**Given entries**.
Segment Open

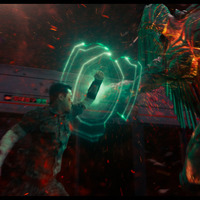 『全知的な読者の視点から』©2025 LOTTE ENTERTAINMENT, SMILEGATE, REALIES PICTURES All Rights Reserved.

Segment Closed
Segment Open

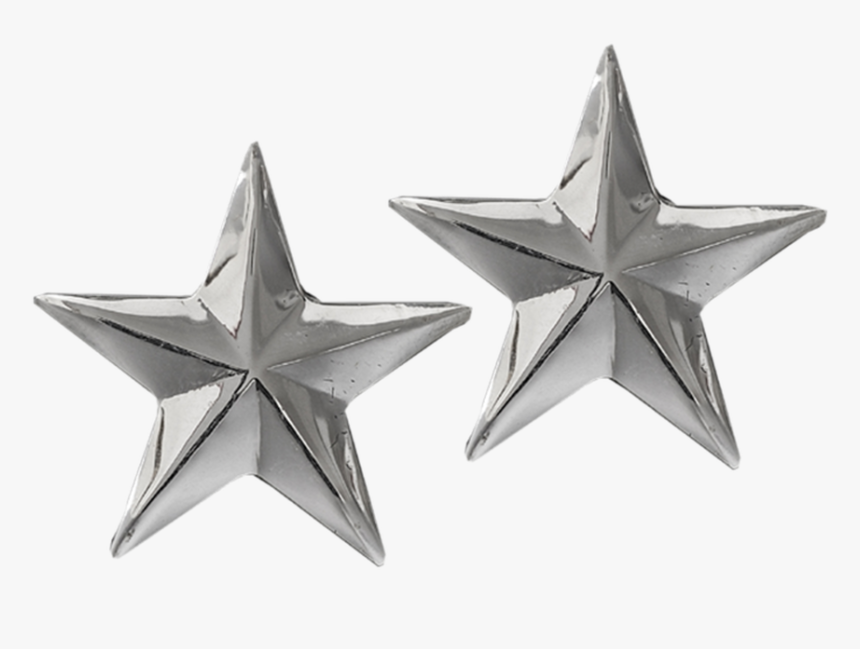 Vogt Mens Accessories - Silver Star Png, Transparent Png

Segment Closed
Segment Open

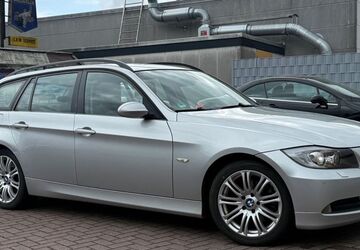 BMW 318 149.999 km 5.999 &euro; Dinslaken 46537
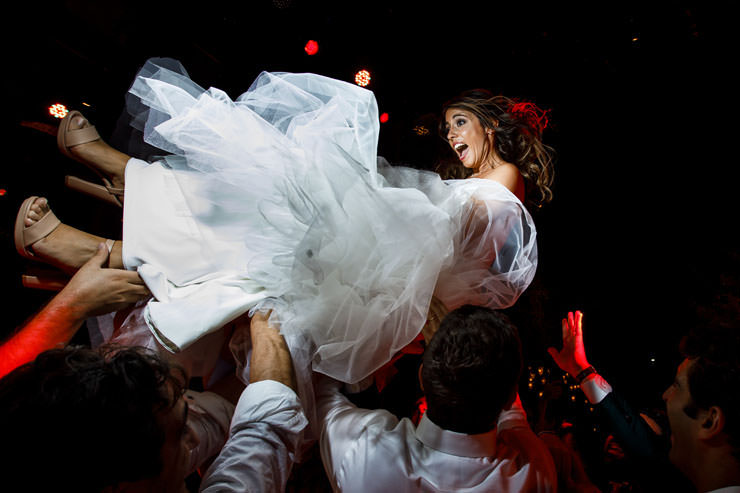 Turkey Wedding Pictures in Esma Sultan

Segment Closed

The answer is the lines above from the one with "BMW 318 149.999" to the one with "Turkey Wedding Pictures in Esma Sultan", set down exactly, with no pictures.

 BMW 318 149.999 km 5.999 &euro; Dinslaken 46537
 Turkey Wedding Pictures in Esma Sultan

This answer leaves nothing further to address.